Valency information inside quotes

DARIAH-ERIC / lexicalresources

Data space of the DARIAH Lexical Resources Working Group

https://dariah-eric.github.io/lexicalresources/

BSD 2-Clause "Simplified" License

18 stars 24 forks source link

Valency information inside quotes #145

Open ttasovac opened 3 years ago

ttasovac commented 3 years ago

Hi everybody.

A while ago, we agreed to treat valency information in dictionaries as <gram type="colloc">[+ conj.]</gram>. See https://dariah-eric.github.io/lexicalresources/pages/TEILex0/TEILex0.html#collocates.

That's all fine and dandy as long as <gramGrp> is allowed there where we want to put the valency information — it's no problem at the entry level, it's no problem at the sense level etc.

Many dictionaries — including the Latin-Bulgarian dictionary that I just spoke to my Bulgarian colleagues about — put valency information inside examples.

<cit type="example">
  <quote>assum alicuius rebus </quote>         
  <cit type="translation" xml:lang="bg">
        <quote>помагам някому с нещо</quote>
   </cit>
</cit>

assum alicuius rebus = to help somebody with something, where somebody is in the genitive (or whatever the case that is) and something is in the ablative or dative or whatever it is.

My colleagues want to, and rightfully so, to be able to indicate inside the quote the grammatical information, something like:

<cit type="example">
  <quote>assum <gramGrp><gram type="collocate" value="genitive">alicuius</gram></gramGrp> rebus</quote>         
  <cit type="translation" xml:lang="bg">
        <quote>помагам някому с нещо</quote>
   </cit>
</cit>

Needless to say, gramGrp is not allowed within quote.

This is somewhat similar to the case we had where xr was not allowed within <def> and <quote> and we saw a clear need for it (see #24).

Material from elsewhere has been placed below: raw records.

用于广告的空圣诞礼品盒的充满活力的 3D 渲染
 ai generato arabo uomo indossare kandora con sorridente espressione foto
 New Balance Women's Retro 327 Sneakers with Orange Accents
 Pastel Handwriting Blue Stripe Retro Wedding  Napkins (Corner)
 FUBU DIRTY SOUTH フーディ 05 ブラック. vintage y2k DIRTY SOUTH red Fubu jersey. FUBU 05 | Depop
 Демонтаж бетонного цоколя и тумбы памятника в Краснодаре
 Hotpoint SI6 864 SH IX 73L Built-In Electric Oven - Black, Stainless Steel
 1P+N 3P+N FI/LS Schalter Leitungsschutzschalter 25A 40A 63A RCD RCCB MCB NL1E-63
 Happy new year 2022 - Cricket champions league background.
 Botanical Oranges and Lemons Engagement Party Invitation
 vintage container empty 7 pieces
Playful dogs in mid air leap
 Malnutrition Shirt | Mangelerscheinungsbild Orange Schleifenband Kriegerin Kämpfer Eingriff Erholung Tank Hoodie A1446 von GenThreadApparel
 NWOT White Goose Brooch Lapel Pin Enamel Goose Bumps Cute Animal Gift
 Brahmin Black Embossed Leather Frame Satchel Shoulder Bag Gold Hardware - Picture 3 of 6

We loved it by making <xr> member of emphLike so we can now have both def/xr and quote/xr...

I have no doubt that the need for grammatical info inside quotes is a fairly common phenomenon, especially in bilingual and learners' dictionaries. If we agree that that is the case, we need to make TEI Lex-0 capable of expressing this. Please share with me your thoughts on the subject — including if you can think of some other way of doing it than the way I sketched above.

bansp commented 3 years ago

Dear Toma,

An auxiliary question first: how do you expect the markup below to be actually rendered in the dictionary?

assum alicuius rebus

Thanks and best,

Piotr

On 30/04/2021 11:03, Toma Tasovac wrote:

Hi everybody.

A while ago, we agreed to treat valency information in dictionaries as |[+ conj.]|. See https://dariah-eric.github.io/lexicalresources/pages/TEILex0/TEILex0.html#collocates.

That's all fine and dandy as long as || is allowed there where we want to put the valency information — it's no problem at the entry level, it's no problem at the sense level etc.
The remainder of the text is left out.